Such features bring economic benefits, but they also can contribute to overall reliability and customer-service quality.
“The business case is significantly more complex than just demand management,” Houseman says. “AMI is an enabler for a lot of things utilities might want to do. The question becomes how long can they wait before taking advantage of these features?”
In some cases, the answer might depend on strategic business factors. For example, consolidation trends could affect how utilities evaluate AMI investments. “With the repeal of PUHCA, you will either eat or be eaten,” says Jana Corey, director of PG&E’s AMI initiative. “Running the utility as effectively as we can positions us better strategically in the market.”
Other key factors include rate schedules and regulatory policy changes needed to implement smart metering. “It takes a lot of time for a utility to get to the point where they can get a new time-of-use rate structure approved,” says Bud Vos, a vice president with Comverge in East Hanover, N.J. “Utilities need AMR and demand-response today, but they don’t have tariffs or the business case built yet.”
In some states, ratemaking structures make it harder to build the business case. Many utilities’ rates are based on power sales and the generation and transmission assets that go with them. For these utilities, investing in load-management can be a losing proposition, even if it breaks even or generates a modest positive return, because the investment could be more accretive to earnings if it were spent elsewhere. EPACT’s mandate directs PUCs to evaluate such structural disincentives, and eliminate them where possible.

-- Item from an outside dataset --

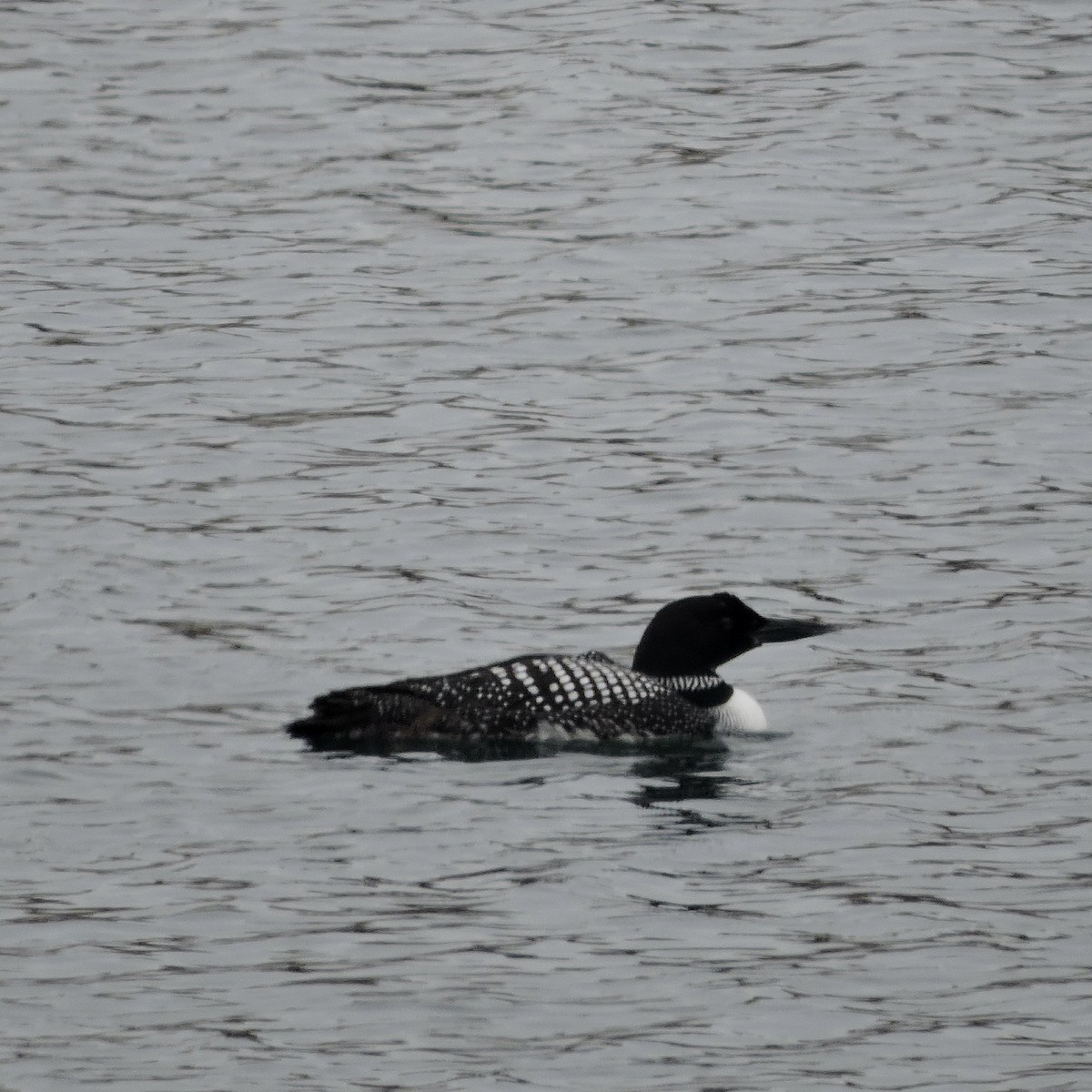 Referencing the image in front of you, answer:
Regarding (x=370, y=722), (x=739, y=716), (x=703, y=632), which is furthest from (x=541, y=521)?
(x=370, y=722)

In many situations, however, AMI is proving to be a solid investment—either because ratemaking authorities act to reduce disincentives, or the business case is strong enough in spite of them.
Florida Power & Light (FPL), for example, has been developing and expanding its smart-metering program in pursuit of greater load control for nearly 20 years. Today FPL’s demand-response systems shave peak load by 1,300 MW, with an additional 2,000 MW available in emergency situations.
The business case for AMI has improved in recent years as a result of advancements in hardware and software technologies, offering a broader range of features that can save costs. PG&E, for example, has seen the economics of AMI improve steadily since it brought its first proposal to the California PUC in 2002. “At that time, the business case was very uneconomical,” Corey says. “We refined our cost estimates and found additional benefits, and over the next 2-1/2 years the economics got better and better.” As a result, the CPUC recently approved $49 million in rate recovery for PG&E to advance its AMI plan, which envisions bringing DCSI smart meters to all 9.3 million of its gas and electric customers over five years.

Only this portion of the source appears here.